On the afternoon before our booking commences we reach the eastern side of the national park and took the road up to the top of the range next to Charles Knife Canyon. There’s no camping allowed but we find a spot to stop where we can set up late and pack up early and Paul can take some sunset and sunrise photos.
After the photos were taken we stopped in Exmouth to make sure we had enough supplies for two weeks and our gas and water were full then drove around to the coast on the western side of the range. We set up camp on our site in North Mandu Camp, taking the camper of the back of the Ute and putting out our big awning and all our mats and got ready to enjoy two weeks of paradise. The weather was warm to hot, winds variable but only ranging from calm to moderate, and only a couple of days with clouds.

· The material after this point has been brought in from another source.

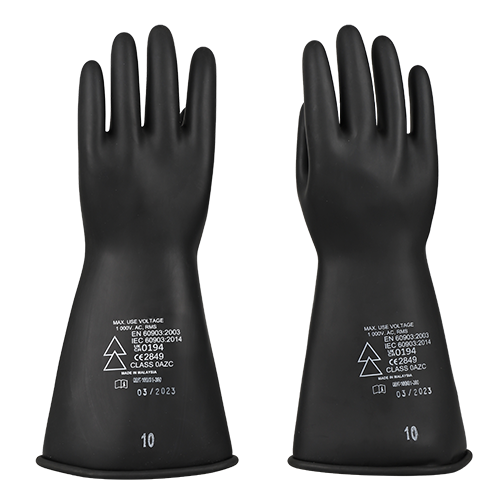 防電弧超柔絕緣手套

Days were spent snorkelling, swimming, walking in Yardie Gorge and relaxing in camp. The Yardie Gorge walk is not terribly long or difficult with only a couple of slightly tricky descents into gullies and there are some lovely views along the way and at the end. Paul also visited Pilgramunna Gorge at sunset one evening.
The beach in front of our camp was rocky and there was a southerly drift so our favourite swimming spots were Sandy Bay about 10 km south or Turquoise Bay a few km north. Turquoise Bay is also one of the prime snorkelling spots with either a relaxing swim and snorkel in the quiet bay or a snorkel on the other side of the point where the current allows you to drift over wonderful corals and colourful fish.
The best snorkelling however was at Oyster Stacks. These are only about a kilometre north of our camp and there is a significant southerly drift so we could walk up the beach over the rocks and enter the water and just drift back to camp. We had some days of great visibility and the coral is truly remarkable. It’s a fish sanctuary zone and they are prolific with amazing colours and shapes. We also spotted several rays and a turtle.
After our wonderful days we would usually sit at the top of the beach to watch the sun set into the ocean and chat with the other campers. Truly paradise.